Elle la laissa pleurer un moment, sachant à quel point un flot de larmes trop longtemps retenues pouvait apporter d’apaisement. Quand un instant de calme revint, elle lui fit boire un peu de vin, l’aida à s’étendre sur son lit et bassina ses tempes avec une eau de senteur. Et enfin demanda la raison de ce gros chagrin.

— Le Roi, mon époux, m’est venu voir pour me dire que Monsieur le Cardinal avait obtenu la quasi-certitude du prochain mariage.

— Le Cardinal ! Encore le Cardinal ! Il mène tout décidément… et le Roi avant le reste !

— C’est ainsi. En outre on m’a laissé entendre que si Mlle de Montpensier procréait un fils, je pourrais être répudiée afin qu’une autre épouse donne enfin un héritier au royaume !

— Quelle idiotie ! Le mal ne peut venir de vous : votre santé est toujours parfaite alors que l’on ne saurait en dire autant d’une autre !

— Avez-vous des nouvelles du Maréchal ? Sait-on si lui ou l’un de ses frères a parlé ?

— Cela m’étonnerait ! C’est un homme dur et déterminé que d’Ornano. Quant à ses frères, je ne pense pas qu’ils sachent grand-chose.

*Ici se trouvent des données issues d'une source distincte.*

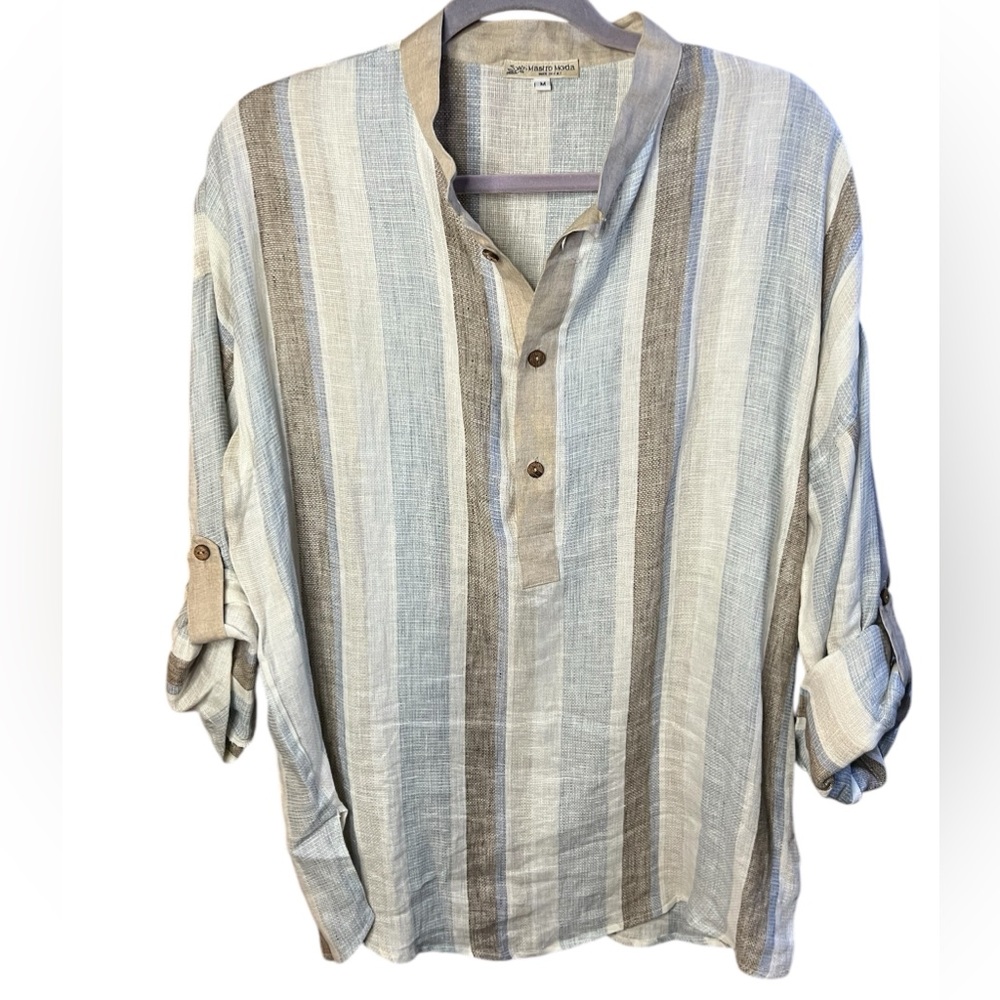 Mastro moda made in Italy 100% linen stripped popover tunic size medium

— En tout cas voilà notre Parti de l’Aversion sans chef. Autant dire démantelé ! Or nous en avons le plus grand besoin. Il nous faut quelqu’un d’assez proche de Monsieur pour le faire revenir sur son acceptation… et j’ai peut-être une idée !

— Laquelle ?

— Pardonnez-moi, ma Reine, mais il faut d’abord que je voie quel début d’exécution je peux lui donner ! Rappelez vos dames ! Moi je m’en vais !

— Déjà ? Mais nous n’avons rien dit !

— Oh, que si ! Je reviens bientôt !

Une rapide révérence et elle avait disparu, mais le martèlement rapide de ses talons claquait encore sur le marbre de l’escalier. Au dernier degré, elle trouva Chalais qui faisait les cent pas. Elle prit son bras au vol :

— Venez ! Nous avons à parler !

— Volontiers. Où allons-nous ?

— Dans le parc ! Nous serons plus tranquilles.

— Vous savez qu’il pleut ? Pas depuis longtemps, mais il pleut !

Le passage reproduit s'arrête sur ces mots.